Why do index scans slow down as table size increases (constant result set)?

Question

Why do index scans slow down as table size increases (constant result set)?

Abhishek Mali 0

We tested SELECT queries on four Azure SQL tables with different row counts (100K to 4.2M), but each query always returned ~100K rows (±5K). We ran the queries under three configurations:

Enforce index usage. (Via adding WITH (INDEX(NAME_OF_INDEX)))
Enforce table scan. (Via adding WITH (INDEX(0)))
Let Azure SQL decide the plan (default behaviour)

Key observations:

Full table scans were consistently faster than index scans, especially on smaller tables.

Enforcing index usage degraded performance as table size increased — even though the result set size stayed constant.

In default mode, the query planner sometimes chose a slower plan, favouring index usage when a scan was clearly faster.

We also observed a "fast/slow/fast/slow" pattern in execution times across table sizes, which didn’t follow an intuitive trend.

We’re looking for clarification on:

What causes this counterintuitive performance behaviour?

Are there known table sizes or conditions where index scans become less efficient?

Could we be missing something in test setup — e.g., caching or a control we didn’t clear?

Happy to share test queries if needed. Any insights or recommended strategies for consistent performance would be greatly appreciated!

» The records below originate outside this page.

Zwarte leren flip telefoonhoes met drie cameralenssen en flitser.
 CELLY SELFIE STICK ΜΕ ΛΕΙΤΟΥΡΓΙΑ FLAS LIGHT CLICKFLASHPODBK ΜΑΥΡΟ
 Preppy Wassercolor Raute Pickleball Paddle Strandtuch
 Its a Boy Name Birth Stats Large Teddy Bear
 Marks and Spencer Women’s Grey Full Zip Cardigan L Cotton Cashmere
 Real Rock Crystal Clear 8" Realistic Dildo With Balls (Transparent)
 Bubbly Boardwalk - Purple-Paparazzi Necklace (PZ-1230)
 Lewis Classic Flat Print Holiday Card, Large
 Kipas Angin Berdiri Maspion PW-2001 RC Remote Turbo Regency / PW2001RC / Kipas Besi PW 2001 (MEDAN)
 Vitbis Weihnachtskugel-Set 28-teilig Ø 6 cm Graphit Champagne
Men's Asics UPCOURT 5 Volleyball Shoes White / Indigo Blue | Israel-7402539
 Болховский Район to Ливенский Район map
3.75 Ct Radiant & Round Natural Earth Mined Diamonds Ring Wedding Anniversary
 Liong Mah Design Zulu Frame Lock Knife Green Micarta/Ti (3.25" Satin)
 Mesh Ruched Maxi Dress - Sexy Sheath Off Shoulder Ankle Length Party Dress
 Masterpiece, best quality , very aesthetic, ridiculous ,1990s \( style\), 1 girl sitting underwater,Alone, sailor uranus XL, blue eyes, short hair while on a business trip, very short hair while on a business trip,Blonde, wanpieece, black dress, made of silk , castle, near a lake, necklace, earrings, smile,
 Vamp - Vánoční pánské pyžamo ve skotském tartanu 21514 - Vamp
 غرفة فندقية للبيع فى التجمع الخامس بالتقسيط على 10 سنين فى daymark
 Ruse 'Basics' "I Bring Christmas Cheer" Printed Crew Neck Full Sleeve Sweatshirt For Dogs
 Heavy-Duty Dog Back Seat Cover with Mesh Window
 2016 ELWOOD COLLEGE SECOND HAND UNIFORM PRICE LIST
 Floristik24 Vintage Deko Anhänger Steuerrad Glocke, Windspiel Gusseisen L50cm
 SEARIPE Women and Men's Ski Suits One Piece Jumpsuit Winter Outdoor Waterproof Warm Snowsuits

Erland Sommarskog 121.4K Reputation points MVP Volunteer Moderator

2025-05-29T12:17:09.9466667+00:00

Nothing of what you say seems very puzzling to me, but before I start typing answer, can you share the queries, so I can make my answer less abstract?
Adithya Prasad K 1,375 Reputation points Microsoft External Staff Moderator

2025-05-29T12:56:43.1033333+00:00

Hi Abhishek Mali
It sounds like you're encountering some interesting performance issues with index scans on Azure SQL as your table sizes increase, even though your result set size remains constant. That's definitely a perplexing situation!
Understanding Index Behavior: You're observing that full table scans are sometimes faster than index scans. This can be explained by how SQL Server optimizes queries. With larger tables, the overhead of navigating indexes can sometimes outweigh the efficiency of a full scan, especially if the number of rows returned relative to the total number of rows in the table is significant. Index scans can become less efficient if the data distribution is not optimal or if the query requires accessing a large portion of the table.
Query Plan Analysis: It might be useful to review the execution plans for your queries. This can give you insights into whether the optimizer is making decisions that lead to slower performance, like opting for an index scan when a full scan would be more efficient. Look out for warning messages in the execution plans as they can provide hints about potential issues
Index Configuration: Make sure your indexes are well-optimized. Review the index columns and their order, as well as any included columns. This can affect how the optimizer makes its decisions.
Cascading Effects: As you increase table size, other factors such as caching, concurrency, and memory may also come into play. Ensure your testing environment is consistent. Clear the cache before tests if needed, as it might impact the performance measurements you are noting, especially with large data sets.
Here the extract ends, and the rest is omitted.